Cheerio, Chum: Tony Blair Finally Quits
After 10 weird and ultimately pathetic years, UK Prime Minister Tony Blair is stepping down. Like his role model, Mick Jagger, Blair is the ultimate sellout and opportunist. He never even cared about which party he might join -- only that he would somehow become prime minister. This explains how he was Bill Clinton's "Third Way" BFF until George W. Bush squirmed into the White House, at which point Blair immediately turned into dingbat neocon.
Let's give Tony a nice big "Good Riddance to Bad Rubbish," after the jump.
For nearly a year, the British have been pleading with Blair to quit. But he was more concerned about serving a full decade than doing anything for his fellow citizens, so he dragged it out as long as possible -- even after Labour was clobbered in Scotland during last week's midterms and treaded water everywhere else.

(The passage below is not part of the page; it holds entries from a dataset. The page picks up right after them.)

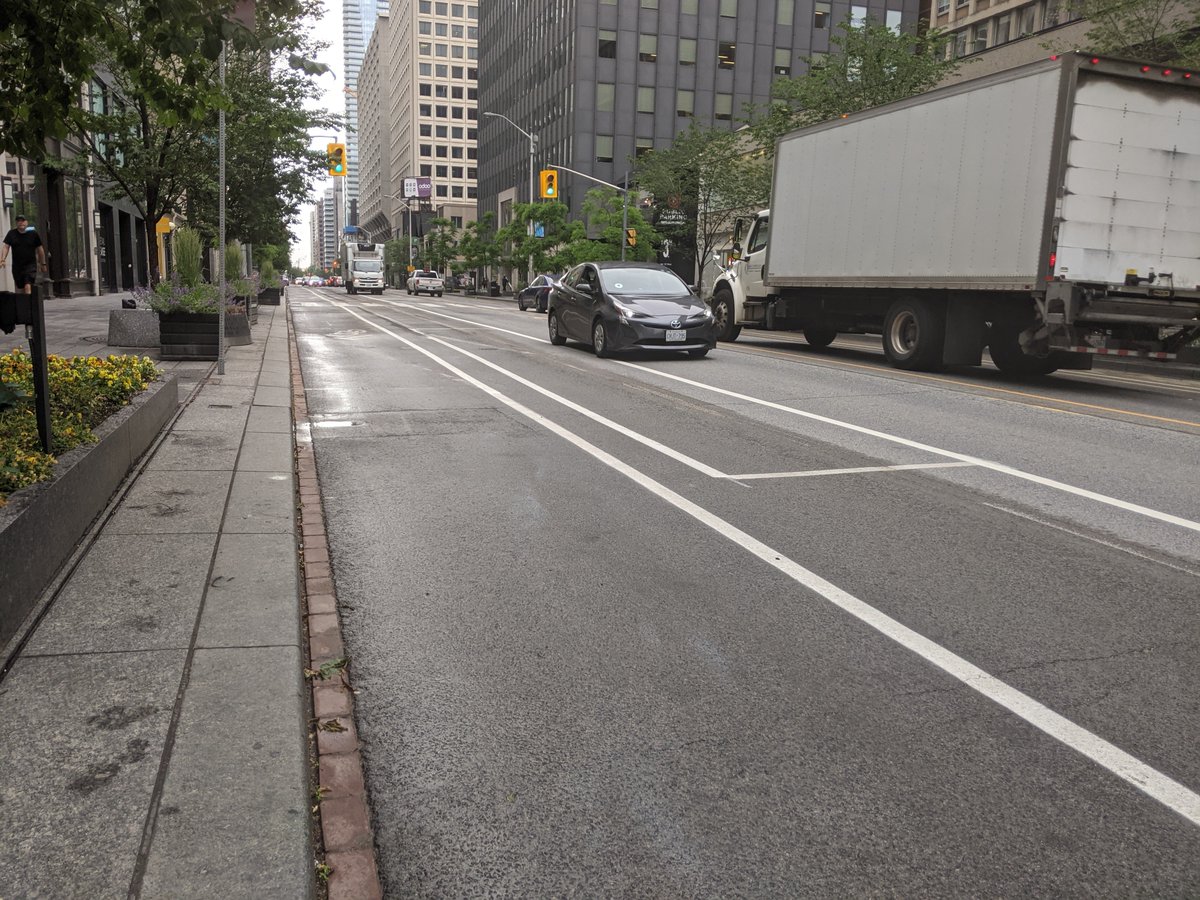 CycleToronto's tweet photo. The temporary #ActiveTO bike lanes on Bloor (Avenue-Church) have been realigned with parking protection. Concrete curbs and planters are on the scene. Crews are out today: keep an eye out for closure of lanes.
Want it permanent? 📝Sign #KeepActiveTO: https://t.co/aP9bOwoVkk https://t.co/AJ6tybRK8K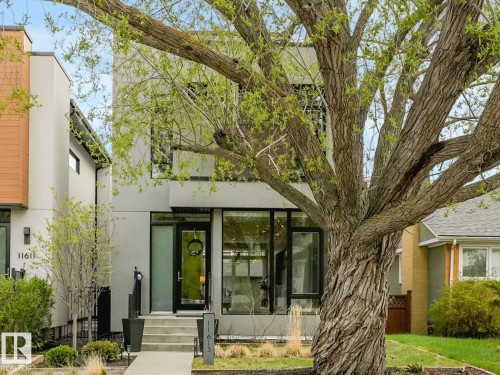 Contemporary architectural design featuring a multi-story facade, prominent large windows, and a modern entrance - 11613 72 Avenue Nw, Edmonton, AB - Outdoor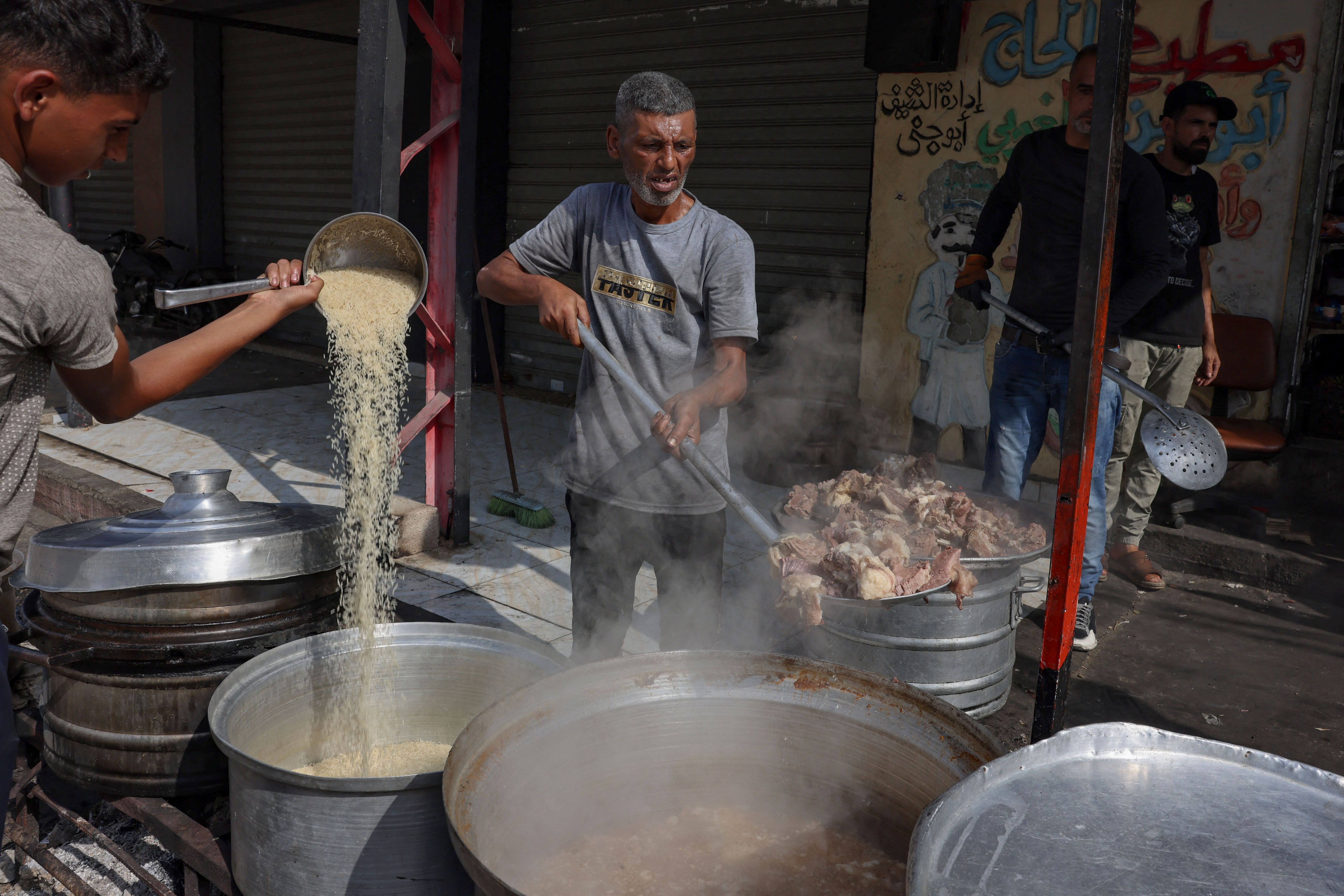 Palestinians cook in a street in Rafah in the southern Gaza Strip, on November 8, 2023, amid the ongoing battles between Israel and Hamas.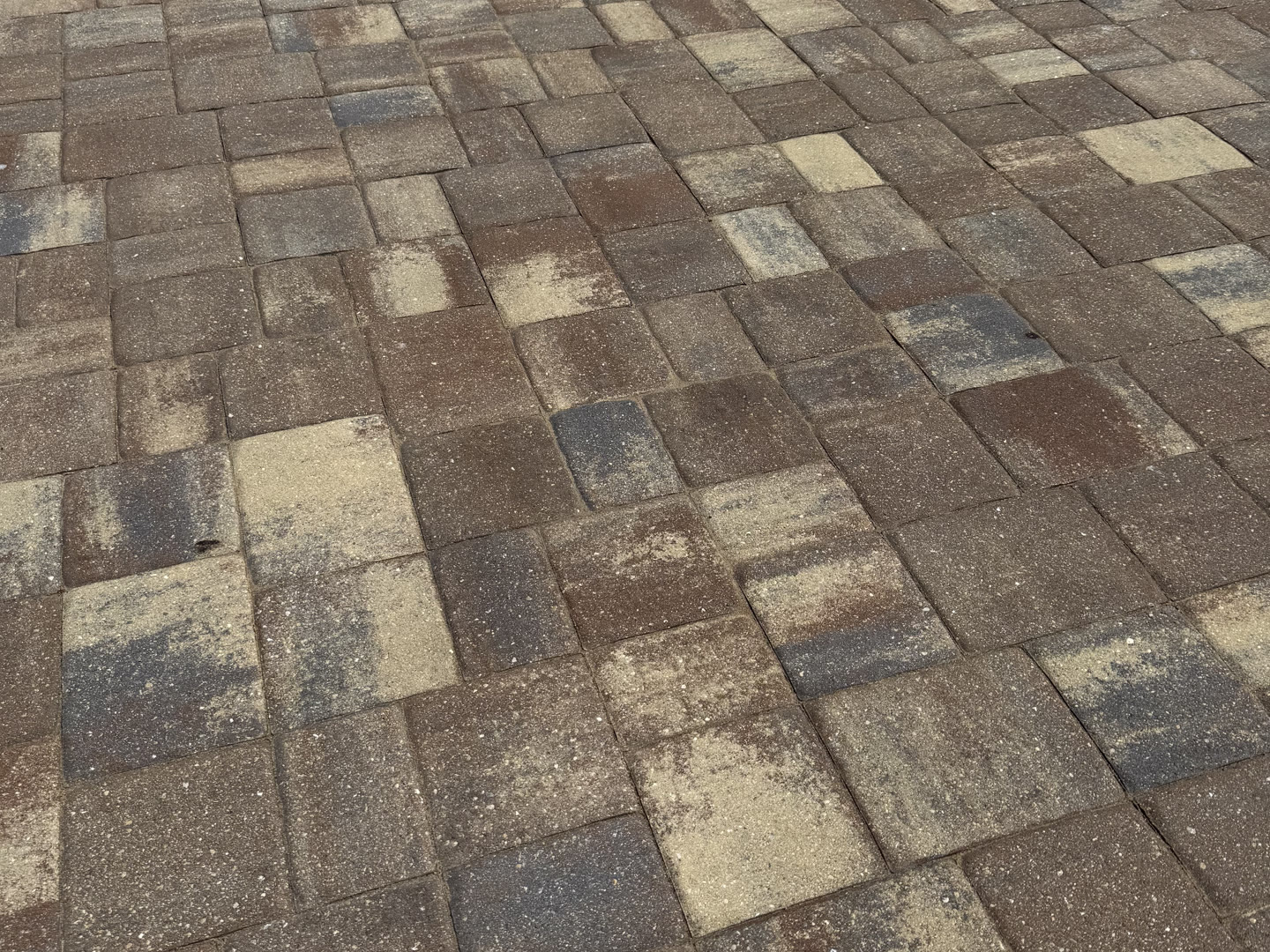 Warm toned pavers on a Naples pool deck, close up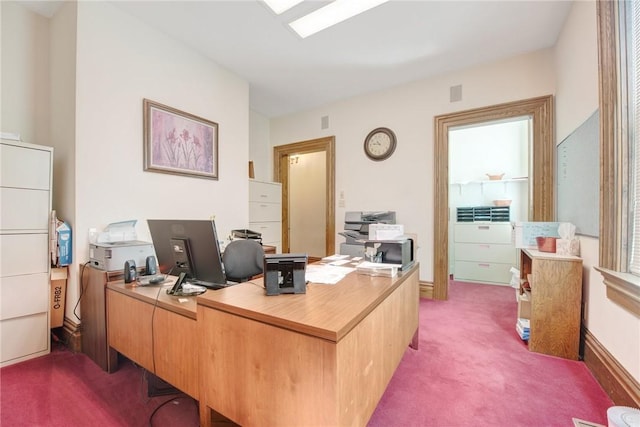 office area with visible vents and carpet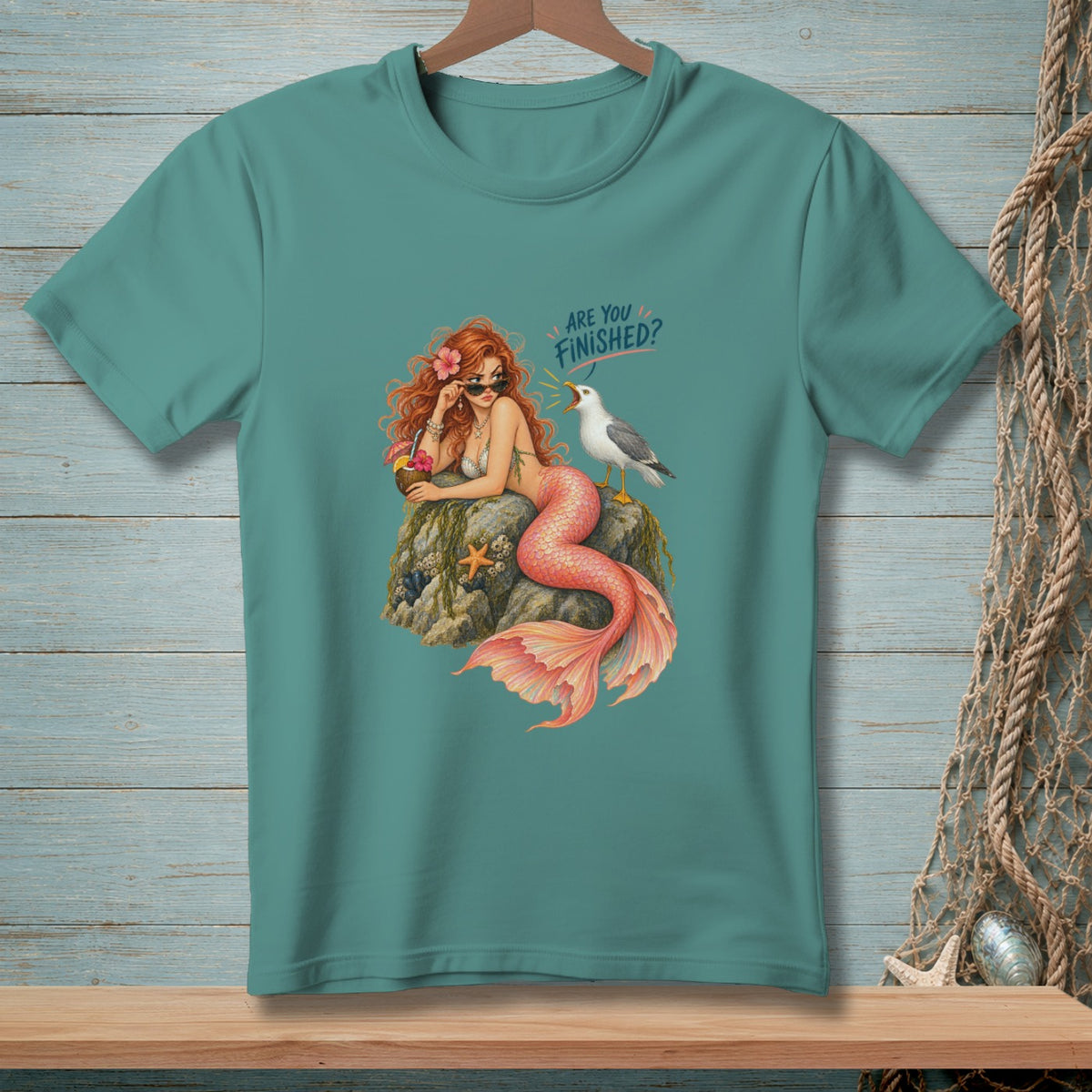 Teal t-shirt with mermaid and seagull graphic saying "ARE YOU FINISHED?".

Blair leaves 10 Downing St. on June 27, at which point Margaret Thatcher will rise from the dead and revive the British Empire.
Blair leaves a country that is much more like the United States than it was a decade ago: The people are now obese and diabetic, all the idiots run around squawking about Muslims, the BBC has been forced to dumb down its programming for the new halfwit Brit, and millions of surveillance cameras follow every person's every move -- mostly staggering drunk down the street and vomiting curry.
On the plus side, absolutely nobody believes in God (except the Muslims) and churches are rented out to new-age groups. This reflects the influence of Blair's wife, Cherie, who is a witch.